Embracing Germany's tradition of the Feierabend

by Stacy Roman
Stripes Europe

We’ve all been there — a really long day at work. A micromanaging boss, a co-worker who snuck into the fridge and ate your lunch, hours spent in meetings which could have (and should have) been conducted via email. As you watch the clock tick by, it’s almost the end of the day and sweet freedom is just on the other side of the door. Your German friend calls out, “Schönen Feierabend!” — happy end of the workday! Before you ask, this is definitely a real thing.

“Feierabend” refers to the pure, unadulterated joy you feel as you the finish work for the day. It also marks the act of reveling in the non-work part of the day. Before it was used as a celebratory phrase, it was commonly used in describing the evening of festivities before the start of a vacation or a holiday.
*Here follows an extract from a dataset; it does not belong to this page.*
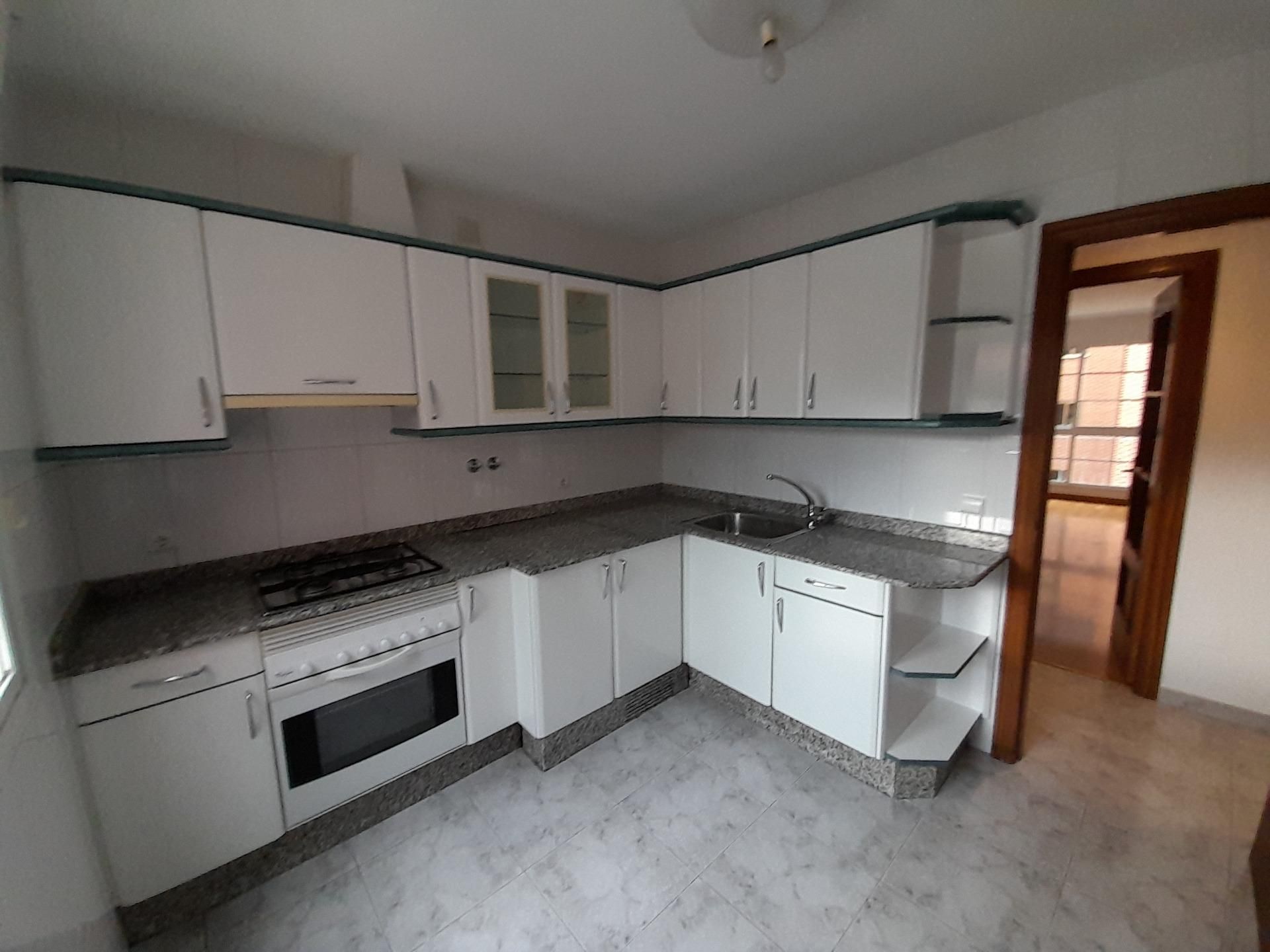 Kitchen of Apartment for sale in Ponferrada  with Heating and Storage room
Very loosely translated, “Feier” means “celebration” and “Abend” equates to “eve.”

Is there an American equivalent?

Sometimes there is no real translation for something — “Feierabend” is one of those things. The closest American cultural similarity is happy hour. During happy hour, friends and co-workers gather together and commiserate about their day over drinks and appetizers. It is also often used to try and lure in prospective clients to business deals. However, “Feierabend” is more of a celebration of the end of the workday and there is usually no business conducted during the revelry.

Why is “Feierabend” a big deal?

In German culture, the workplace or office tends to be more formal than their American counterparts. Our host nation prides itself on a strong work ethic, with employees having almost laser-like focus on the job. Water cooler gossip, coffee talk and other office shenanigans we’re used to are frowned upon in Germany. The notion of “Feierabend” helps foster a better work-life balance and keep it on a more even keel.
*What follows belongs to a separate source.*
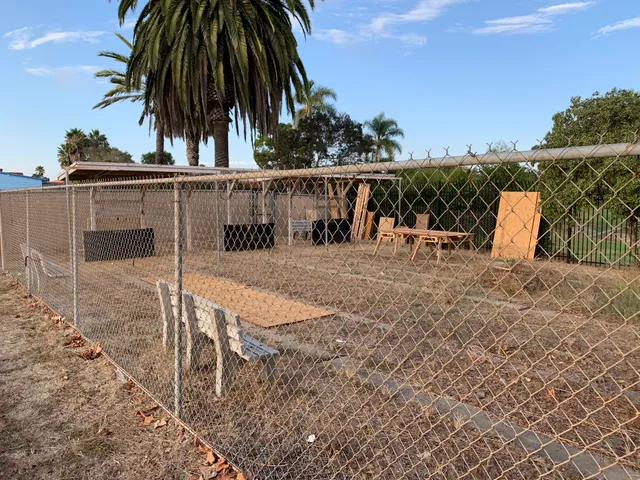 Country Club Senior Center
How to partake in “Feierabend”

In some of the larger cities such as Frankfurt and Berlin, some locals are so happy to celebrate the end of the workday, they don’t wait until they get home. Don’t be surprised if you’re on the U-bahn or train and see someone crack open a nice cold “Feierabendbier” to enjoy on the ride. Not a drinker? Not a problem! “Feierabend” isn’t just about imbibing in adult beverages. Grab a friend or two and head downtown for delicious gelato in the park. It’s more about celebrating being off the clock for the rest of the day and having the freedom to play and do what you like.

Even though sometimes things tend to get lost in translation, the feeling of sheer happiness and joy of cutting loose after a long productive day at the office is universal. Although there’s no direct English word, “Feierabend” is a fantastic German tradition we can all get behind. Schönen Feierabend, Freunde!